The identification of osteopontin as a metastasis-related gene product in a rodent mammary tumour model.

The rat mammary epithelial cell line, Rama 37, yields benign, non-metastasizing adenomatous tumours in syngeneic Furth-Wistar rats. Transfection of this stably diploid cell line with genomic DNA fragments from a human metastasizing breast cancer cell line yields cells which, when injected subcutaneously in syngeneic rats, give rise to secondary tumours in a number of the animals. From one such secondary lung tumour, a cell line was established designated Ca2-5-LT1. This cell line, when introduced into the syngeneic rat host, also showed the ability to metastasise. To determine key changes in gene expression that occur during the progression from Rama 37, the benign tumour-inducing cell line, to the metastatic derivative Ca2-5-LT1, a general method of subtractive hybridization has been employed. This procedure in conjunction with Northern blotting and nucleic acid sequencing has been used to identify mRNAs expressed differentially between the metastatic and nonmetastatic cell lines described above. So far, of the subtracted cDNAs that have been identified which represent differentially expressed mRNAs, a large proportion of these cDNAs corresponded to the mRNA for rat osteopontin (OPN). The mRNA for OPN was expressed at a ninefold higher level in the metastatic Ca2-5-LT1 cell line when compared to the nonmetastatic parental Rama 37 cell line.
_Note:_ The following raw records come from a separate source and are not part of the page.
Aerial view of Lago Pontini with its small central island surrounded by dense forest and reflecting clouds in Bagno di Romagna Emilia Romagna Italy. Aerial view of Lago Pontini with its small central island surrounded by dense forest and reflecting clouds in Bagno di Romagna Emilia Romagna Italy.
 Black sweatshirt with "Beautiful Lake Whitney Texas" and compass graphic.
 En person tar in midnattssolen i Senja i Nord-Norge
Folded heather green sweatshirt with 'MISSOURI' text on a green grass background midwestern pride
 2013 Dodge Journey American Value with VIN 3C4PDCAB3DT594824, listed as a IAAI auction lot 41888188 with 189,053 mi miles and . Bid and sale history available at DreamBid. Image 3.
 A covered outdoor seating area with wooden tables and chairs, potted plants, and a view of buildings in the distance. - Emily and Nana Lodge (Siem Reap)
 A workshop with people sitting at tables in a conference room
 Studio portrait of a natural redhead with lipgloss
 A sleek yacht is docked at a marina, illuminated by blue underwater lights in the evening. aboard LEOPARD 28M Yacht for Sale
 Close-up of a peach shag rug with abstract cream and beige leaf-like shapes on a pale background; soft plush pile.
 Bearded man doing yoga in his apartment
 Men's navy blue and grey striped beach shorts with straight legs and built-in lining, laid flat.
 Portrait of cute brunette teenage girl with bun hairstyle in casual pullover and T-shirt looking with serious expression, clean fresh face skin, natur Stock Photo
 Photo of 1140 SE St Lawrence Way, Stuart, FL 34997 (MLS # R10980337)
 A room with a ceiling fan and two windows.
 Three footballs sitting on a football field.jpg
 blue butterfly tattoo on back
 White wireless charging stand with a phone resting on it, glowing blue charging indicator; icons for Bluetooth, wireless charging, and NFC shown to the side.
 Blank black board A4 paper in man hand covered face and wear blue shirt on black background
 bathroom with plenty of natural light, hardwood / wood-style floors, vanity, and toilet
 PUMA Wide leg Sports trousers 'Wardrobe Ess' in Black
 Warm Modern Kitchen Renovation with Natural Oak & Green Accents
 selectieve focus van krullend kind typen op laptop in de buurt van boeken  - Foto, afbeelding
Rama 37 cells transfected with DNA from a human benign cell line failed to show elevated levels of OPN mRNA. Following transfection of Rama 37 cells with an expression-construct producing elevated levels of OPN, the newly-transfected cells, when introduced into the rat host, developed metastases in 55% of the animals that produced primary tumours. These experiments show that increasing the expression of OPN in a previously benign cell tine is sufficient to produce a metastatic phenotype in this particular rat mammary model.